As students progress, their avatars level up and they earn badges for typing speed, accuracy, and more. Kids can see their own stats, helping them track their own progress and keep tabs on their problem keys. They can also view a class scoreboard to compare progress with other students. Meanwhile, teachers can create custom lessons and tests and assign them to their classes and (with a paid subscription) to individual students. Teachers can set up classes either manually or by syncing with Google Classroom, Clever, or ClassLink. The teacher dashboard has tons of customization options, both in terms of looking at student stats and tailoring what students can and can't see or do, as well as creating custom lessons and timed tests. Teachers can access detailed reports on several measures of student progress, and they can monitor realtime student activity with a paid subscription. Accessibility features include lessons available in both English and Spanish, video transcripts, and text-to-speech dictation support.

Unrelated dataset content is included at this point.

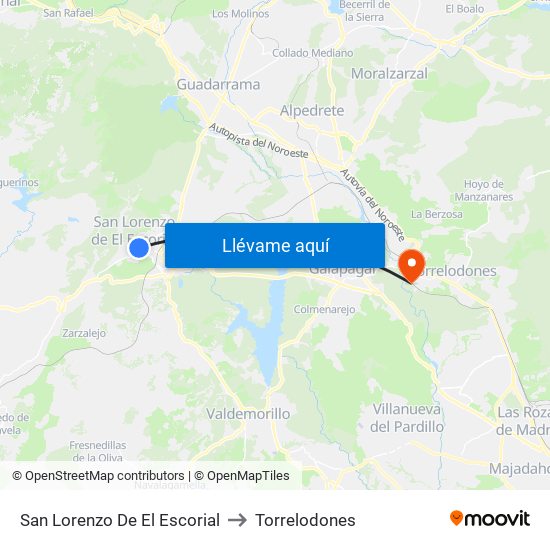 San Lorenzo De El Escorial to Torrelodones map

Free teacher and students accounts feature extensive banner ads on every page; the paid subscription removes those ads and offers additional features.
Typing.com's flexible, detailed lessons are a good fit for K-12 students, providing instruction for beginners through those needing more targeted, challenging practice. It's great that this is more than an adventure in rote typing practice: Practice lessons include typing the most-used English words and a personalized practice section based on students' most troublesome letters. There's also an impressive amount of encouragement along the way, from friendly language introducing each lesson to the badges and experience points (XP) that students earn as they progress through lessons, games, and tests. It's also great that students have easy access to their own data, helping them review and understand their progress.
In general, the only real disappointment with this tool is the difference between the free version and the paid subscription. The rotating banner ads are really distracting, and it's too bad that some of the very best features for differentiating instruction and tracking student progress are only available by subscription. Even with limited features, free access to Typing.com would be a powerful classroom tool, but it's a much better tool with the premium features.